Y el frío me hizo despertar y ver la otra realidad. La realidad de después del concierto. La del plancha que me mira para ver si lo que llevo colgado es un laptop o un morral con cosas sin valor como libros y discos y revistas. La del contenedor abierto en plena calle Mercedes, con un olor a podrido que voltea. La de los que duermen en el piso, con una botella de vino de plástico, y me saludan aunque no se acuerdan de dónde me conocen. La de los changuitos de 100 pesos de 18 de Julio. La de la parada de Il Mondo de la Pizza, con 12 tipos que nos paramos frente a la televisión para mirar de garrón el partido de Racing contra Cerro Porteño por la Libertadores.
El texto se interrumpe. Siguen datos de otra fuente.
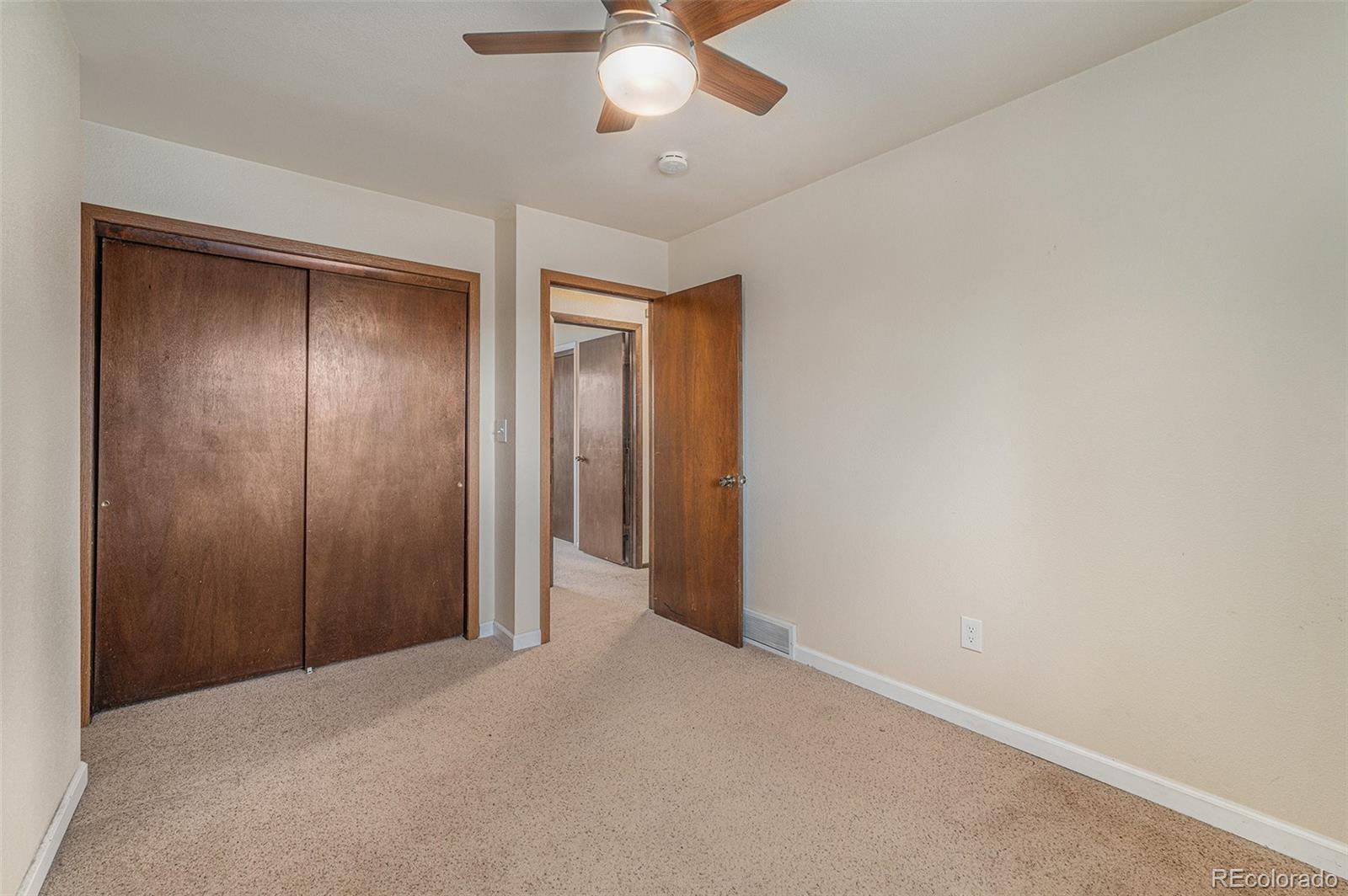 MLS Image #16 for 4384  grant avenue,loveland, Colorado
Cero a cero, claro, si es fútbol uruguayo. Racing y Cerro quedan afuera de la copa, claro, si más no se les podía pedir. Y así va pasando el tiempo. Diez minutos. Quince. Veinticinco. Espero un ómnibus que me saque de ahí, que me lleve a algún lugar más o menos familiar. Pasa una hora y media. Ya me olvidé de cómo y por qué llegué a ese sitio. Me olvidé de El Cigala, que debe estar cenando en algún restaurante portugués. Quiero estar en mi casa y el ómnibus sigue sin pasar. “Ah, un 104 a esta hora, difícil”, me dice el mozo de Il Mondo de la Pizza. “Bueno, un 60 por lo menos”, le contesto. “Mmmmm”, pone cara de que también es complicado. “Es justo la hora del recambio”. No entiendo de qué me habla, no sé qué es el recambio. Decido tomarme un taxi. Le digo la dirección. “¿Me podría indicar el camino?”. Me doy la cabeza varias veces contra la mampara. “No, no le puedo indicar. Conocer el camino es parte de su trabajo, no del mío. Lléveme donde le digo y listo”. Indignado, pienso que yo no le ando preguntando a los taxistas qué adjetivo va mejor en esta frase o de qué tema escribir cada semana. “Dicho sea de paso, la columna de la semana pasada estuvo medio chaucha, eh, medio flojita”, se da vuelta y deja de mirar el camino para increparme. “A nadie le importa si usted se está mudando o no, no? Si no tiene tema para escribir, mejor no escriba”. Resignado, quiero volver a Nueva York, donde tocó El Cigala. Allá, por lo menos, los taxistas no hablan el mismo idioma de los lugareños.